------ ENTRIES PROVIDED ------
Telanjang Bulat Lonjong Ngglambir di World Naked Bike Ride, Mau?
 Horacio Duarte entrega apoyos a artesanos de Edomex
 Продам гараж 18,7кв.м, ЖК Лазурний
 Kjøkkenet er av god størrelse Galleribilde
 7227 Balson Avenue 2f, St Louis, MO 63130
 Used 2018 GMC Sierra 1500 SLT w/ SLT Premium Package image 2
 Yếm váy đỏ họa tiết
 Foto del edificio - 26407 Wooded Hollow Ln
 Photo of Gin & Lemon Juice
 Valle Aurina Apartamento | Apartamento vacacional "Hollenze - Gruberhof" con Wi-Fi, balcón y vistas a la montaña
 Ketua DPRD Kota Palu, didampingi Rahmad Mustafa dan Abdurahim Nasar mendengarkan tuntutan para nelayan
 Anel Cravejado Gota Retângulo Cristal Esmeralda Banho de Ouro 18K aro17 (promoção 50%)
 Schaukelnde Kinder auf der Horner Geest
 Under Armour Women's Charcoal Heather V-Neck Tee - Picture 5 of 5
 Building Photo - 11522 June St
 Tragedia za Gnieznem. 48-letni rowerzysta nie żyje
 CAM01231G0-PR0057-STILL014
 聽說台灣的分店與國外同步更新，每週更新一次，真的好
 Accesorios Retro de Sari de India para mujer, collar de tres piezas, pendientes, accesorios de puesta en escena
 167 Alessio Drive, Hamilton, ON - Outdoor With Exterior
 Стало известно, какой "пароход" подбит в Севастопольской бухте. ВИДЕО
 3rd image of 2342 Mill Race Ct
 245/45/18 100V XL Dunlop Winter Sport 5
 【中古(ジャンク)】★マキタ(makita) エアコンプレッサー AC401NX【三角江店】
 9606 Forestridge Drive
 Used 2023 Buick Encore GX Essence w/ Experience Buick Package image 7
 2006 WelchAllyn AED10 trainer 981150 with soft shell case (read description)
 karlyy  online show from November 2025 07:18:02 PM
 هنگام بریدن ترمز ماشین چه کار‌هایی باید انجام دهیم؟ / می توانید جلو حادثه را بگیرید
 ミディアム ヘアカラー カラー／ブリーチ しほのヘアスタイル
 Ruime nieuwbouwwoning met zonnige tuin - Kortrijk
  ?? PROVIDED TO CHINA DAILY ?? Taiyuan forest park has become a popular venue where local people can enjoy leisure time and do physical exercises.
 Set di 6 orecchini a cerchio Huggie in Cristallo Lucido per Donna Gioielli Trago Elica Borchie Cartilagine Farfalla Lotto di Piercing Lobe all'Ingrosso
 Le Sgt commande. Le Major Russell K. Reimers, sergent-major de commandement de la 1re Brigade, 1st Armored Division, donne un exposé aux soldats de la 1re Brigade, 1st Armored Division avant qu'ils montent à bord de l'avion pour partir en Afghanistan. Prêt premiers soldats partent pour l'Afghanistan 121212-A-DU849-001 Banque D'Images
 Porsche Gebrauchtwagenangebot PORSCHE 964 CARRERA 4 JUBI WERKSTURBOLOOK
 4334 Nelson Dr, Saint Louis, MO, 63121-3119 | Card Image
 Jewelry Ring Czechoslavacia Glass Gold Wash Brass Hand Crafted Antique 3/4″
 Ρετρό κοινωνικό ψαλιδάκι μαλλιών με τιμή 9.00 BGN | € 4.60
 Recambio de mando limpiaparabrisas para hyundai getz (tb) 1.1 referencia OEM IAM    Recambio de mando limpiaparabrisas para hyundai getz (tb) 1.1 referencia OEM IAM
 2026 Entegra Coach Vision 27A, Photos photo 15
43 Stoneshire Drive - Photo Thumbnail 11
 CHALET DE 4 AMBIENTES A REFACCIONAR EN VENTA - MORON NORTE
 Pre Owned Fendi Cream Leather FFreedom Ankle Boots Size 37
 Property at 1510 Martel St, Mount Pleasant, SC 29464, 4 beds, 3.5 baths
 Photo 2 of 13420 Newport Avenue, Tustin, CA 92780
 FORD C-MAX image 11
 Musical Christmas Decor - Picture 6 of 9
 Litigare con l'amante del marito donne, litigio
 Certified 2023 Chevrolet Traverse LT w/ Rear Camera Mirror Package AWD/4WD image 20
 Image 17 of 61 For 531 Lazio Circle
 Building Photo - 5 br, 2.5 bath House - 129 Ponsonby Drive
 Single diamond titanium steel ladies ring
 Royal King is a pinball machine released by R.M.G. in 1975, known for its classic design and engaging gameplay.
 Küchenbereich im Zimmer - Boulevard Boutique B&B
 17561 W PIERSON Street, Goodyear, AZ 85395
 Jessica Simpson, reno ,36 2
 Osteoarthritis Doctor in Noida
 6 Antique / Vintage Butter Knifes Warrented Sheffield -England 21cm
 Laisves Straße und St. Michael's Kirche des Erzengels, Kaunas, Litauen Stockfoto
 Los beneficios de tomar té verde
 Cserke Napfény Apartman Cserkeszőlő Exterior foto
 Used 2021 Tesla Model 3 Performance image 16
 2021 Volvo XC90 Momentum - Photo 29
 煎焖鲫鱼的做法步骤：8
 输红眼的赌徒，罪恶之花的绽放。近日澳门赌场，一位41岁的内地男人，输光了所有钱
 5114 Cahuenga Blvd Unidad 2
------
Apply a filter for "Package" to the data above, then copy each line that matches.

- [ANSWER SECTION]
 Used 2018 GMC Sierra 1500 SLT w/ SLT Premium Package image 2
 Used 2023 Buick Encore GX Essence w/ Experience Buick Package image 7
 Certified 2023 Chevrolet Traverse LT w/ Rear Camera Mirror Package AWD/4WD image 20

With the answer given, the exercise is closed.